Shane Claiborne understands himself to be living the “ordinary” life of a Christian. And, in as much as his life and the life of his community is countercultural and gets to the root of what it means to be a Christian disciple, then he would also agree that he is an ordinary radical (130). Claiborne retells the story of how he left his status as a “cool” person and his comfortable life in order to become a charismatic Jesus freak (41). However, “the fiery newness of it died out,” and soon Claiborne found himself disillusioned and wondering “if anybody still believed Jesus meant those things he said” (45, 72). Claiborne explains, “we were not going to win the masses to Christianity” unless people actually began to live it. In order to learn what a “fully devoted Christian looked like, or if the world had even seen one in the last few centuries,” Claiborne set on a journey in search of a Christian (I can’t tell if he is being facetious or not, but those are his words, 71-72). His search for a Christian first takes him to Calcutta to work with Mother Teresa; this begins his new understanding of Christianity, of the life of a Christian, and what it means to be the church. His book is an autobiographical retelling of the development of his theology and of the community of which he is a founder, The Simple Way.

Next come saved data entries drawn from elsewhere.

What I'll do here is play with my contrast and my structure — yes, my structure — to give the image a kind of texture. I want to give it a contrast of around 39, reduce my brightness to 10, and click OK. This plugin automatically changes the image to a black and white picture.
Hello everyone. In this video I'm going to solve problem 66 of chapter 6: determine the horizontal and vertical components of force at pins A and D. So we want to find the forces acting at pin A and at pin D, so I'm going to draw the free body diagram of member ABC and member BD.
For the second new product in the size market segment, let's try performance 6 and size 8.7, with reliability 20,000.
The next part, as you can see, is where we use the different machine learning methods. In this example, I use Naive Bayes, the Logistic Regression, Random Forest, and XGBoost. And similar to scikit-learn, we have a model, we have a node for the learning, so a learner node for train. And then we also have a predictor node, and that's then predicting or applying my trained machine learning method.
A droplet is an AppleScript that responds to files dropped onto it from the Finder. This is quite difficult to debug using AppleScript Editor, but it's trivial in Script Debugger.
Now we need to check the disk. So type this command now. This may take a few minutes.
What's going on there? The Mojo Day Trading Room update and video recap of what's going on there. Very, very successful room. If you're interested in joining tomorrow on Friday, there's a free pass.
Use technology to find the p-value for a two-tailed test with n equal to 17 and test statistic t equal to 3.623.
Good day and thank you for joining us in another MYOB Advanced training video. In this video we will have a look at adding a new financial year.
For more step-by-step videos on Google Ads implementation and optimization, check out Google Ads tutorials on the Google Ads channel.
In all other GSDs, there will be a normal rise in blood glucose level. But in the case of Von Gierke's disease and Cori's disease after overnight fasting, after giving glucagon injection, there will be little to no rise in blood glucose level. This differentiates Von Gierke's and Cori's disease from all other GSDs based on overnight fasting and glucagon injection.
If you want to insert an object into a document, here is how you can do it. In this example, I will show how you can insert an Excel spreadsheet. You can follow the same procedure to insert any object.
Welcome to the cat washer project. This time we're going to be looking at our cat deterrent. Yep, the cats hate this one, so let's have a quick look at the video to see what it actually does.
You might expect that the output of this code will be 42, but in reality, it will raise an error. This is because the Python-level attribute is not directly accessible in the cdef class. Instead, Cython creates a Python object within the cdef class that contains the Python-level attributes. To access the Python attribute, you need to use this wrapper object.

Two things that are central to Claiborne’s theology and ecclesiology are 1) the church in Acts where it is recorded that there were no needy persons among them and, 2) the kingdom of God “on earth as it is in heaven” (64). These two themes run throughout the book and their importance is evidence in the very direct ways that Claiborne’s life in community is lived with, and as part of, people who are economically poor. However, there is also another theme that runs throughout the book and similarly grounds Claiborne’s theology but does not seem to be compatible with it. One of the lessons Claiborne states to have learned from Mother Teresa was that “the temptation to do great things is always before us;” for this reason Mother Teresa stressed the importance of doing “just small things” (78). Thus, Claiborne learns to see miracles in the small things, in acts of love. He takes heart in the movement he sees among younger evangelical Christians, of which he sees himself a part, and which he experiences to be a “gentler revolution” (313). In the end though, Claiborne wants to grow smaller and smaller “until we take over the world.” The chapter starts off expressing the sentiment of the first part of that phrase – the gospel does not draw a crowd, people are not inclined to line up for the cross – but then the language (and the metaphor) changes. In the last six pages of the book Claiborne affirms that Christians are not called to be candles but fire, “so that the Spirit’s inferno of love spreads across the earth” (352). It seems subtle, perhaps insignificant, maybe even paranoid, but it is grand visions such as this one that may make the difference between understanding oneself as a participant in something Divine because one judges it to be worthy of one’s commitment, and understanding oneself as the ones responsible to bring about the divine plan. Claiborne says that Jesus points the church to its “true identity,” that is, to live close to those who suffer (160), but why must he also aspire to “win the masses,” to take over the world? I cannot help but think it rings of Christendom, of empire, and of the very kind of system of domination that produces the suffering to which Jesus’ good news speaks. I wonder about the witness this kind of theological undercurrent makes to people who are all too familiar with the sins of the church.